*** Data excerpts Section Begins ***
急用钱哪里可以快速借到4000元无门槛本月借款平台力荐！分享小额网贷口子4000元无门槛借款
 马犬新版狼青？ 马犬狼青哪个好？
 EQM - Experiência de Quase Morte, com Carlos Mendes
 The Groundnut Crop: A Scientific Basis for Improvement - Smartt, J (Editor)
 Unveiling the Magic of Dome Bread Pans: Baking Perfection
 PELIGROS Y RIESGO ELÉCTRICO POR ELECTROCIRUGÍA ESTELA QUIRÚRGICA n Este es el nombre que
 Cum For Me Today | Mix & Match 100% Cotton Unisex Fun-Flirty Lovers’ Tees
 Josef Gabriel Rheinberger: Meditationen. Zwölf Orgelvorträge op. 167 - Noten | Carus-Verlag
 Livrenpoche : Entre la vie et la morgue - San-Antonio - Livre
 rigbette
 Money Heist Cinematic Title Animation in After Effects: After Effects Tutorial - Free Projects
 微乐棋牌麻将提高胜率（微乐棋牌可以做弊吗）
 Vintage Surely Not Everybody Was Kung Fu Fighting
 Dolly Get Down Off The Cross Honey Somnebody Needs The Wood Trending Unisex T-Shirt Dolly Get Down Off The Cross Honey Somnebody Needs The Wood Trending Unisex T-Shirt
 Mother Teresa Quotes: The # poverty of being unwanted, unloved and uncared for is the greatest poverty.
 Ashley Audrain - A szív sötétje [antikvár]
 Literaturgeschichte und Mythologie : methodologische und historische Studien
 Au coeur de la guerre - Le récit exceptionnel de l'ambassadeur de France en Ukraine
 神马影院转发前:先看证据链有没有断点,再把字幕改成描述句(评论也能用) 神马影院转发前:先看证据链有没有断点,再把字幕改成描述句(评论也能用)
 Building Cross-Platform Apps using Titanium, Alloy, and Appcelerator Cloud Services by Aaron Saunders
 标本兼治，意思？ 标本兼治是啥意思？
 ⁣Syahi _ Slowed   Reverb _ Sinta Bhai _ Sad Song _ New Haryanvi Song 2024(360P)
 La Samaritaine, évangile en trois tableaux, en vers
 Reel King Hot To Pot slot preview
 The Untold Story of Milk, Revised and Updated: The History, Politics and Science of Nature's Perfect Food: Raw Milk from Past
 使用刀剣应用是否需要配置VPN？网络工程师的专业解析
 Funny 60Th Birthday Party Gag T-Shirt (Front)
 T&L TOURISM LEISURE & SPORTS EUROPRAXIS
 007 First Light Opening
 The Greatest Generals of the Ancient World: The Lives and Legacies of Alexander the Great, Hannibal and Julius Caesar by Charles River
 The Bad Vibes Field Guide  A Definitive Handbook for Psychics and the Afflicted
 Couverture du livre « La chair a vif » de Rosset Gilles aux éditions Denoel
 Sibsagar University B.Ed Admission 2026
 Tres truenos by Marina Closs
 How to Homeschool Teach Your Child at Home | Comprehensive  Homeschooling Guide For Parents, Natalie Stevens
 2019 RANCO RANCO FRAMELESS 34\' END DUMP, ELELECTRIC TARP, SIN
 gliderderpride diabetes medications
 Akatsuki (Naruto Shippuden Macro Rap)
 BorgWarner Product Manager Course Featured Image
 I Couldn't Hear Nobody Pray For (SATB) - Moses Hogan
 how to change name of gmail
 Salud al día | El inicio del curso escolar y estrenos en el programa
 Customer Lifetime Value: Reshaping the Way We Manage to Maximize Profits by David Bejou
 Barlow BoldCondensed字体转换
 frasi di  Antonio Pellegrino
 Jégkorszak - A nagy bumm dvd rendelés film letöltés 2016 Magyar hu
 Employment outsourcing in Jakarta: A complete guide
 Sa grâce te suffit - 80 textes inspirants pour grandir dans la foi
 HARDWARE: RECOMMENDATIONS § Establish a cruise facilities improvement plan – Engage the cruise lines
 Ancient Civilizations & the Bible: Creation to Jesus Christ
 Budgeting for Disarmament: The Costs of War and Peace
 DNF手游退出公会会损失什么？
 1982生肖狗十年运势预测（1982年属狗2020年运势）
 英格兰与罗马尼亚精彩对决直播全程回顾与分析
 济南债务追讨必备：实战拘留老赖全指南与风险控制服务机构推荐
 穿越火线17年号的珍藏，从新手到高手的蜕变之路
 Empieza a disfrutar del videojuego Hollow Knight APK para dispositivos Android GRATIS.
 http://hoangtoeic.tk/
*** Data excerpts Section Ends ***
Give the tally of lines in the listing above that contain the string "Unisex", with nothing besides it.

Result of this task: 2